Regulator: Another Data Call Set For Insurers
By Jim Connolly
NU Online News Service, Aug. 21, 3:43 p.m. EDT?The nation's insurance regulators will require property-casualty and life insurers to provide another round of market conduct data because they have found it helpful in tracking down potential problems, an official said.
Sue Stead, an Ohio regulator, said the latest data call information that was collected had highlighted six life companies in which data stood out from the results of most companies.
Consequently, regulators will be taking a closer look at these companies to find out why they varied from most other insurers, said Ms. Stead, who heads up the market analysis work group at the National Association of Insurance Commissioners, Kansas City, Mo.
Because regulators have found the information so valuable, both the life and property-casualty data calls will be repeated, she said.
For life insurers, data for calendar year 2003 will be due in April 2004, and for property-casualty insurers, dates are under discussion, she said.
Work on data call questions for life companies will not reflect major changes, but could include some changes to definitions, she said.
What is of concern to life insurers is that the data call be done in a uniform way rather than in a way that amounts to nine mini exams, according to Linda Lanam, vice president and general counsel with the American Council of Life Insurers, Washington.
Ms.
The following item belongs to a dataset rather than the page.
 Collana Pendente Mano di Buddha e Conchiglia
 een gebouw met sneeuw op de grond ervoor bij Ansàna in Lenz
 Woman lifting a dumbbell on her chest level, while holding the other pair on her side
Lanam cited the example of one company that was providing data and had a market conduct examination called by one of the states participating in the pilot project.
On the issue of policy loans, Ms. Lanam said it is possible that large totals may simply reflect a series of small policy loans built up over time rather than a large policy loan indicative of replacement activity.
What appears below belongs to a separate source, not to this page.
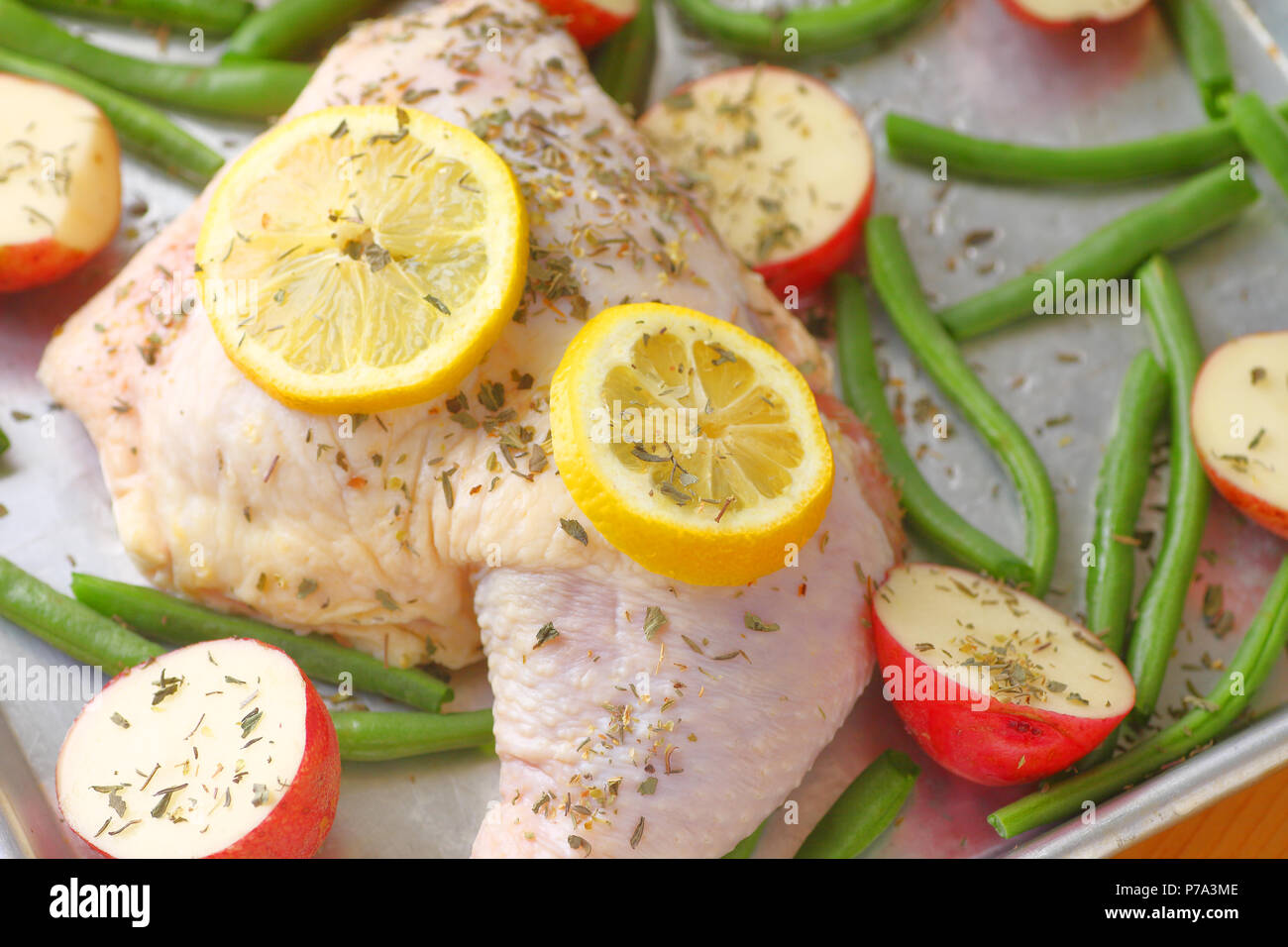 Chicken dinner seasoned and ready to bake Stock Photo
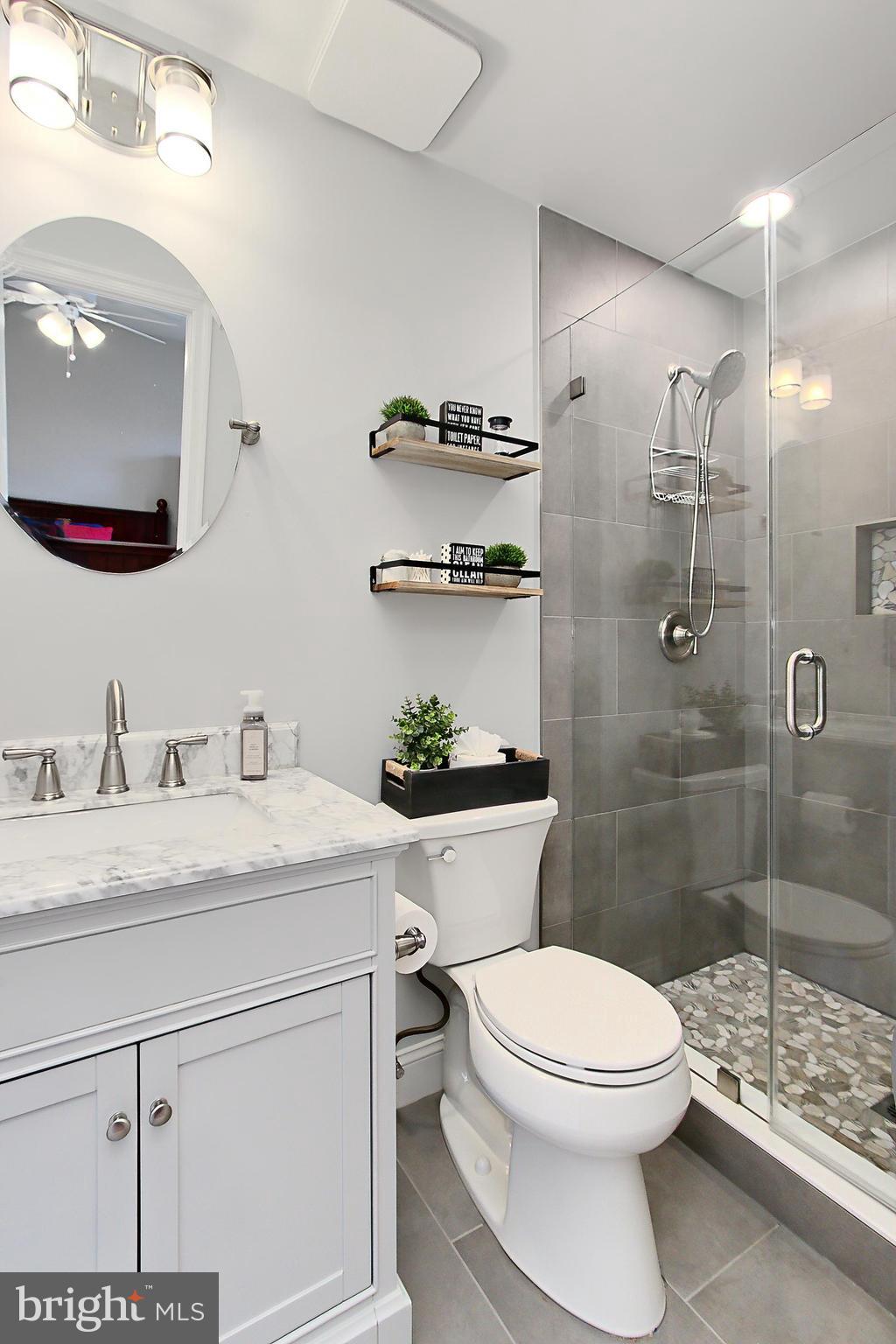 6306 Lee Forest Path Centreville, VA 20120 - Photo 27 of 49 a bathroom with a sink a toilet and shower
Before a new data call is issued, the initial one should be completed and analyzed, said Don Cleasby, assistant general counsel with the National Association of Independent Insurers, Des Plaines, Ill. Any data call should be prospective and not retroactive, according to Cleasby.
The collection of data by companies becomes more complicated if data requested is changed from the first round, he added
Lenore Marema, vice president-legal and regulatory affairs with the Alliance of American Insurers, Downers Grove, Ill., says that the Illinois insurance department, which has collected data, has provided a template for collecting data.
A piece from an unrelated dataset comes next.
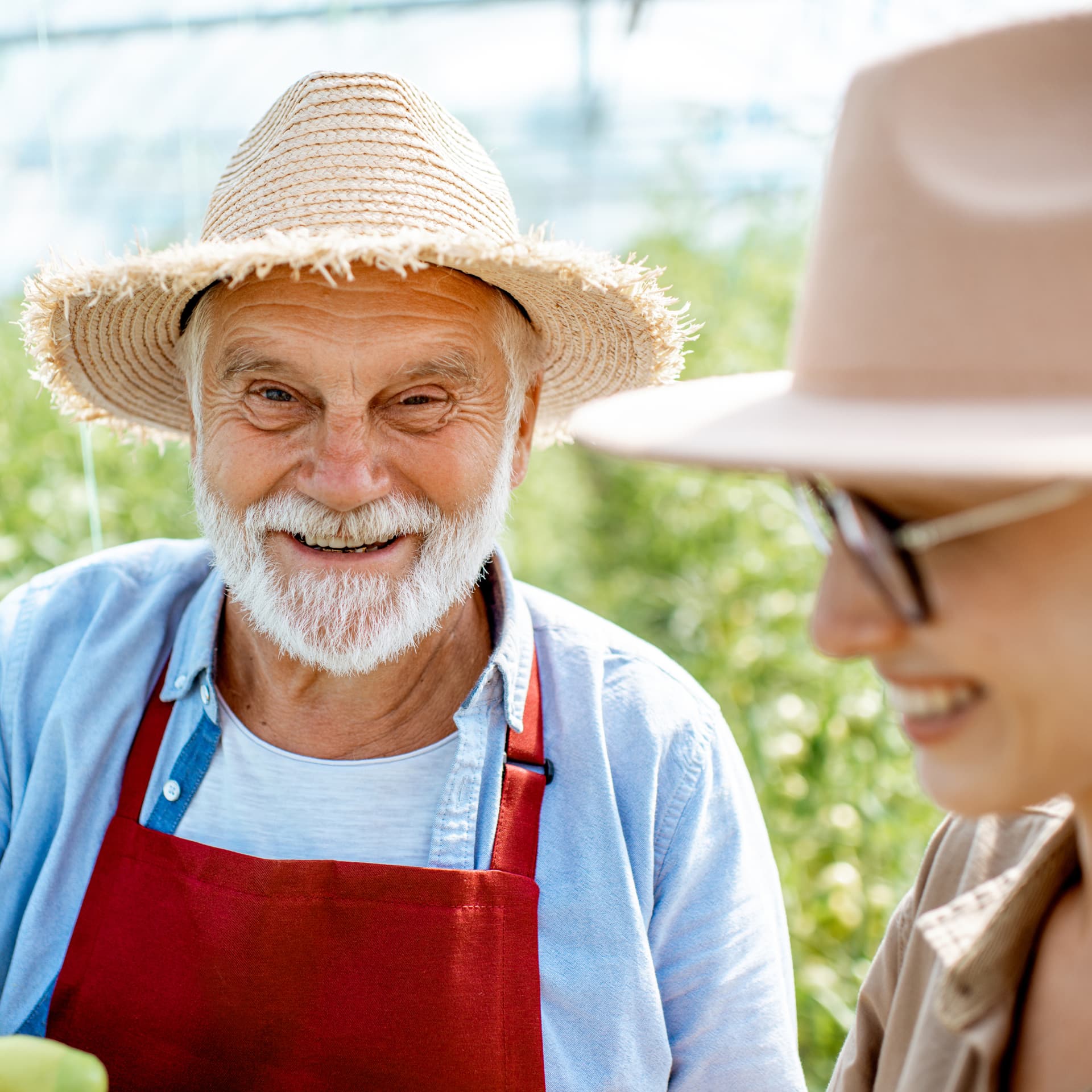 A man in straw hat smiling A man in straw hat smiling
But more generally, she wondered if budget-strapped state departments would have the resources to collect and analyze data.
Separately, the National Conference of Insurance Legislatures, Albany, N.Y., said that an initial draft of a planned market conduct model law could be out for review by Aug. 25.
A hearing on the model is planned for Sept. 12 in Chicago, according to Tim Tucker, director of state-federal affairs in NCOIL's Washington office. The model could be ready for adoption by NCOIL at its annual meeting in Santa Fe, N.M., in November, he continued.
Jim Connolly is a senior editor with NU's Life-Health edition.